▶ TASK ITEM
Repeat the records below exactly as they appear, leaving out any pictures.

(Image-caption web data)

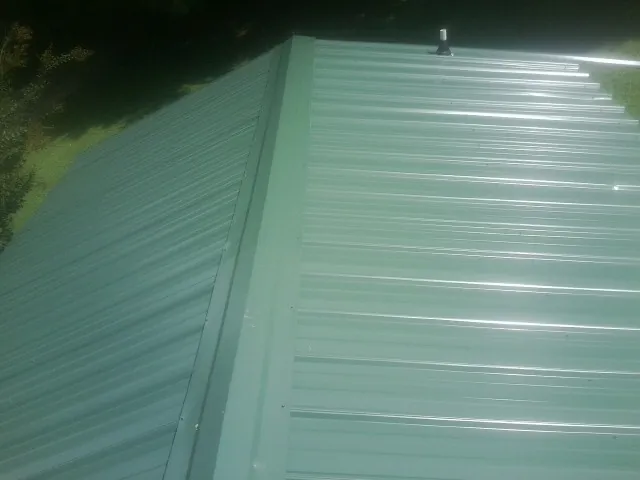 New green metal panels meeting at the ridge of a roof — Flat Roof Repair work by our crew in Dry Run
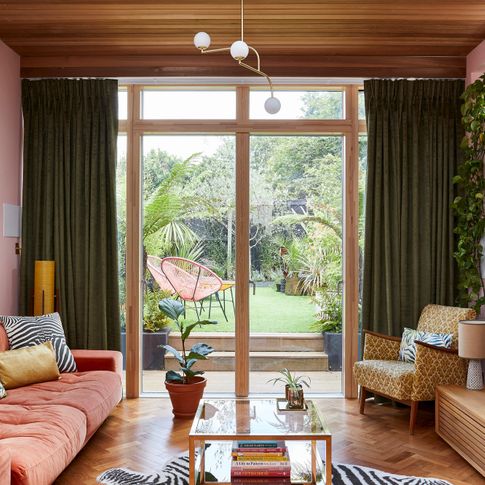A 70s style living room with large glass doors dressed in deep green curtains 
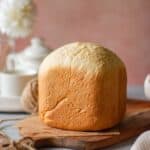 whole loaf of japanese milk bread baked in bread machine placed on wooden board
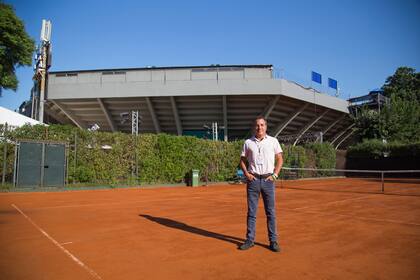 Martín Hughes, ejecutivo de Tennium, en una de las canchas de entrenamiento, con la tribuna del court central del BALTC de fondo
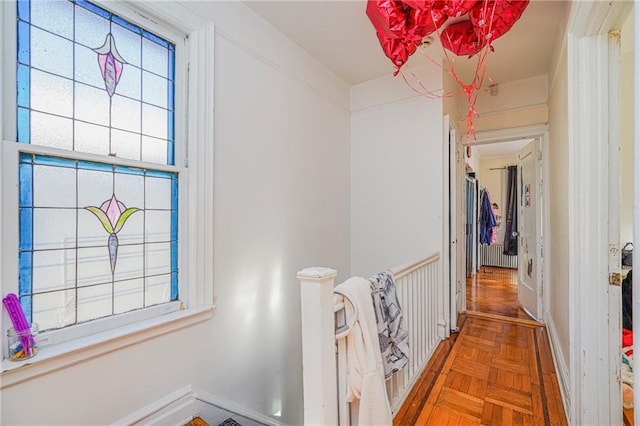 hall featuring parquet floors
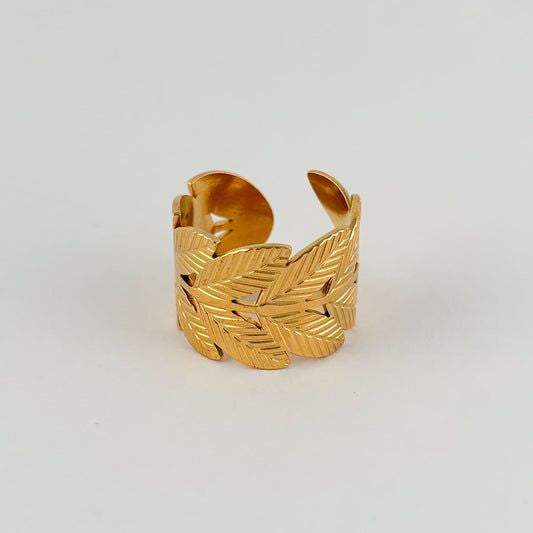 Wide band statement cuff ring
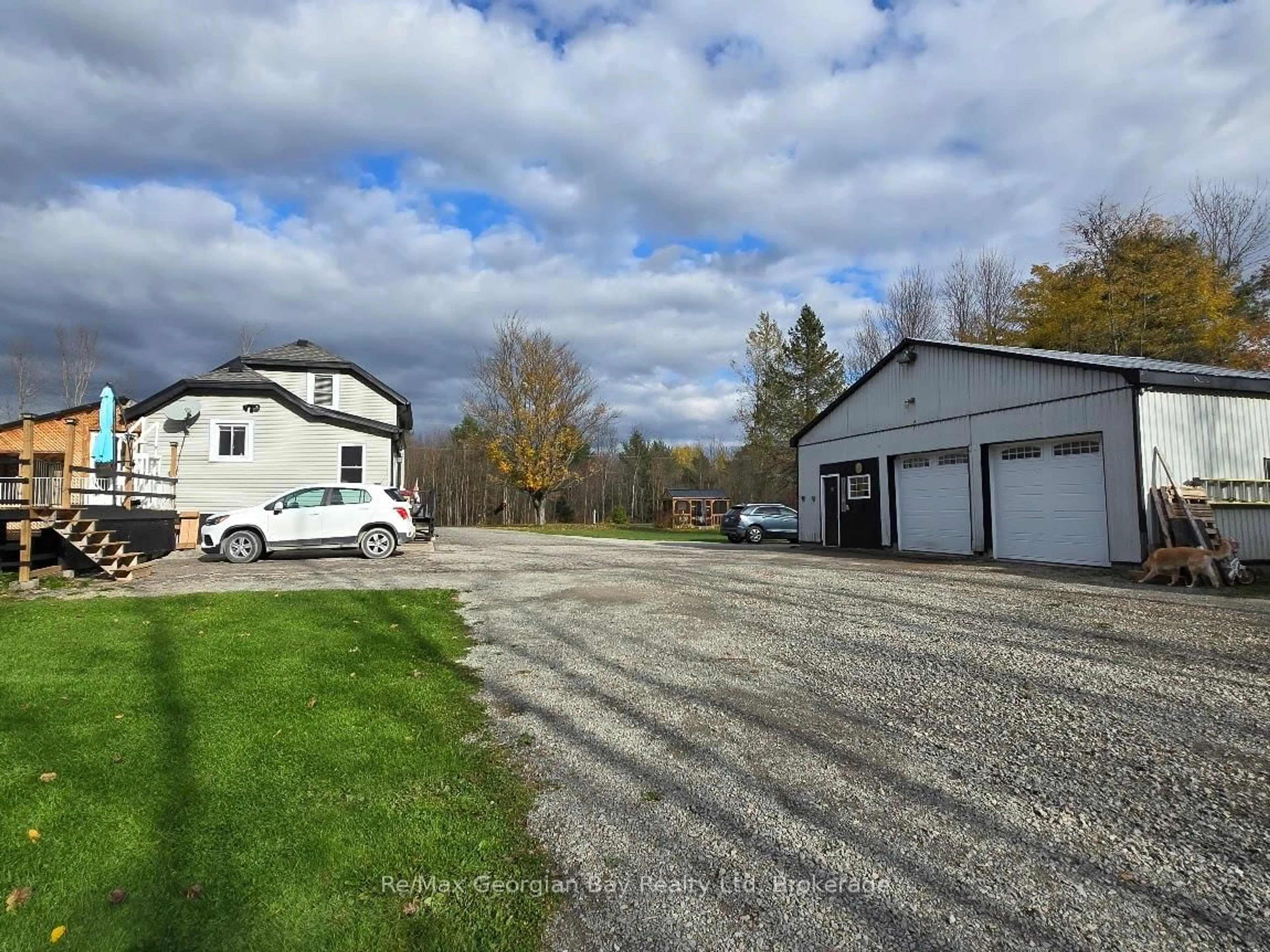 A pic from outside/outdoor area/front of a property/back of a property/a pic from drone, street for 2066 IRISH Line, Severn Ontario L0K 1E0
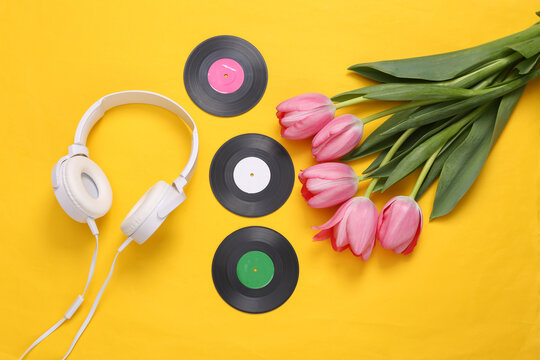Pink tulips with headphones and vinyl record on yellow background. Romantic, music, love concept. Flat lay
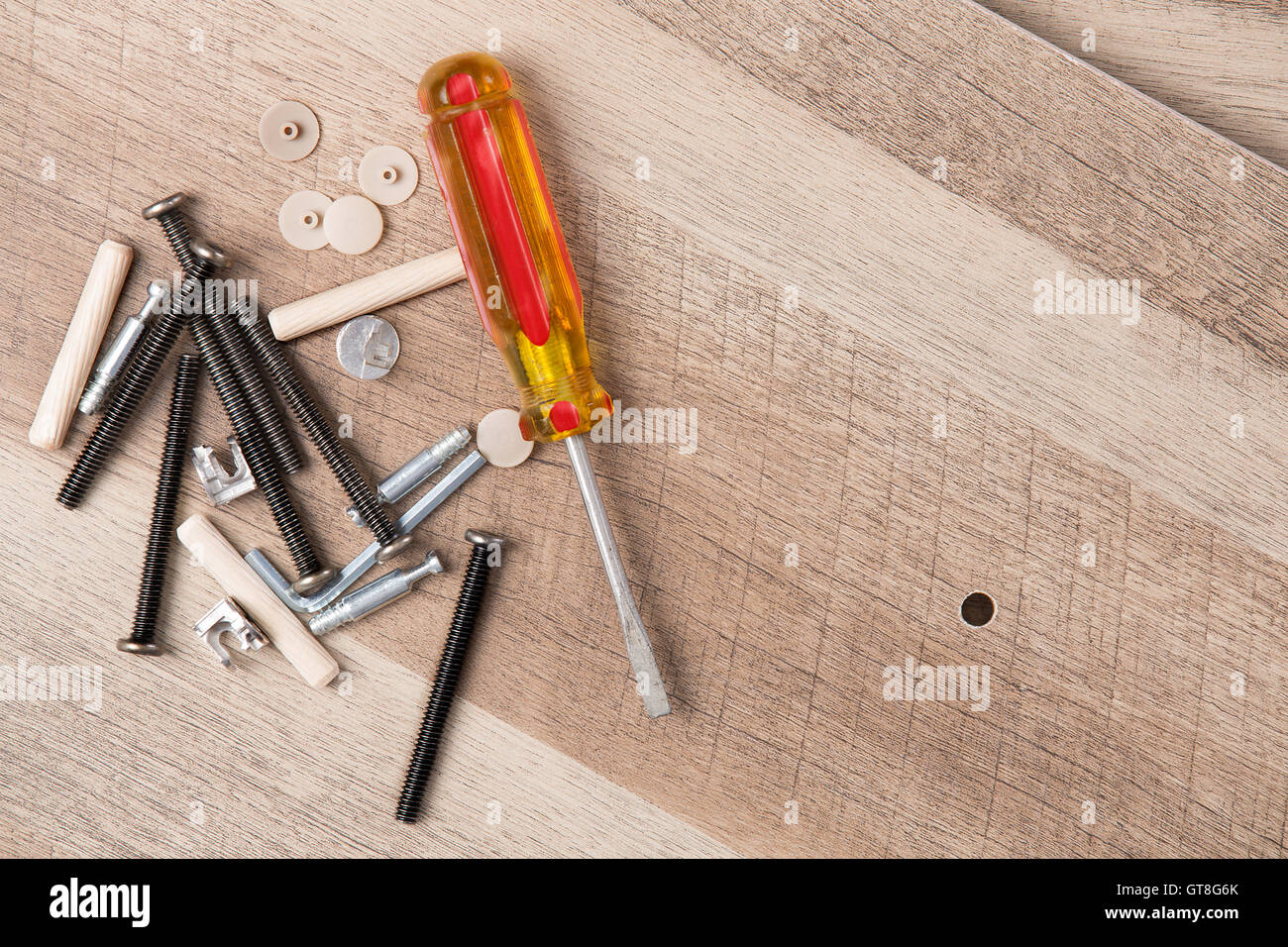 Angolo alto ancora vita vista di giallo gestite un cacciavite a lama piatta, viti e vari pezzi di Hardware accanto al piccolo foro Foto Stock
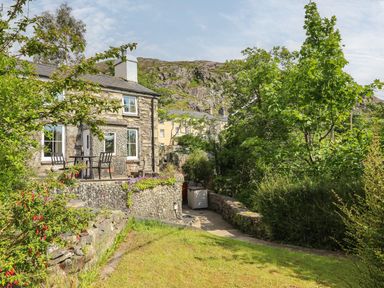 A house with a garden and stone pathway at Brondderwen
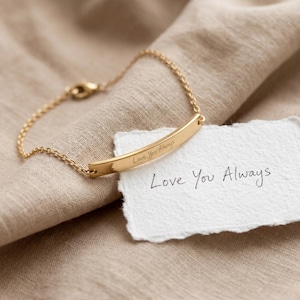 May include: A gold-colored bracelet with a curved bar pendant. The pendant is inscribed with "Love You Always." The bracelet is on a neutral-toned fabric, next to a handwritten note that says "Love You Always."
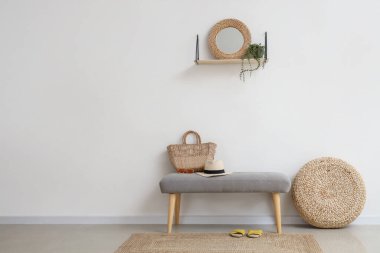 Salondaki ışık duvarının yanında yaz aksesuarları olan yumuşak bir bank.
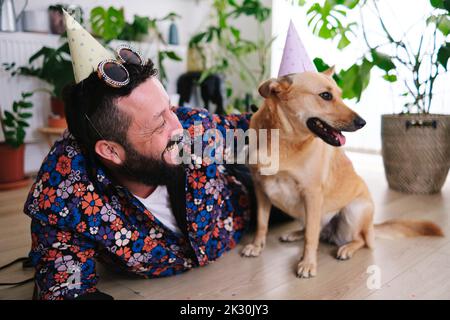 Uomo felice che indossa cappello da festa e occhiali da sole sdraiati con il cane a casa Foto Stock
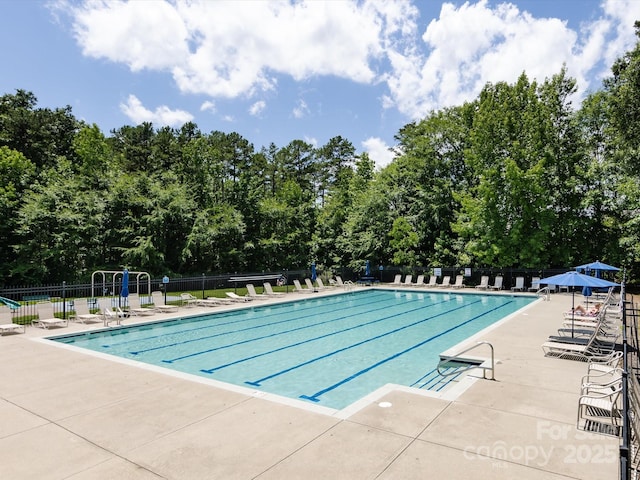 4148 Cedar Point Ave, Matthews, NC 28104 - community pool featuring a patio area and view of scattered trees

▶ WRITTEN RESPONSE
 New green metal panels meeting at the ridge of a roof — Flat Roof Repair work by our crew in Dry Run
A 70s style living room with large glass doors dressed in deep green curtains 
 whole loaf of japanese milk bread baked in bread machine placed on wooden board
 Martín Hughes, ejecutivo de Tennium, en una de las canchas de entrenamiento, con la tribuna del court central del BALTC de fondo
 hall featuring parquet floors
 Wide band statement cuff ring
 A pic from outside/outdoor area/front of a property/back of a property/a pic from drone, street for 2066 IRISH Line, Severn Ontario L0K 1E0
Pink tulips with headphones and vinyl record on yellow background. Romantic, music, love concept. Flat lay
 Angolo alto ancora vita vista di giallo gestite un cacciavite a lama piatta, viti e vari pezzi di Hardware accanto al piccolo foro Foto Stock
 A house with a garden and stone pathway at Brondderwen
 May include: A gold-colored bracelet with a curved bar pendant. The pendant is inscribed with "Love You Always." The bracelet is on a neutral-toned fabric, next to a handwritten note that says "Love You Always."
 Salondaki ışık duvarının yanında yaz aksesuarları olan yumuşak bir bank.
 Uomo felice che indossa cappello da festa e occhiali da sole sdraiati con il cane a casa Foto Stock
 4148 Cedar Point Ave, Matthews, NC 28104 - community pool featuring a patio area and view of scattered trees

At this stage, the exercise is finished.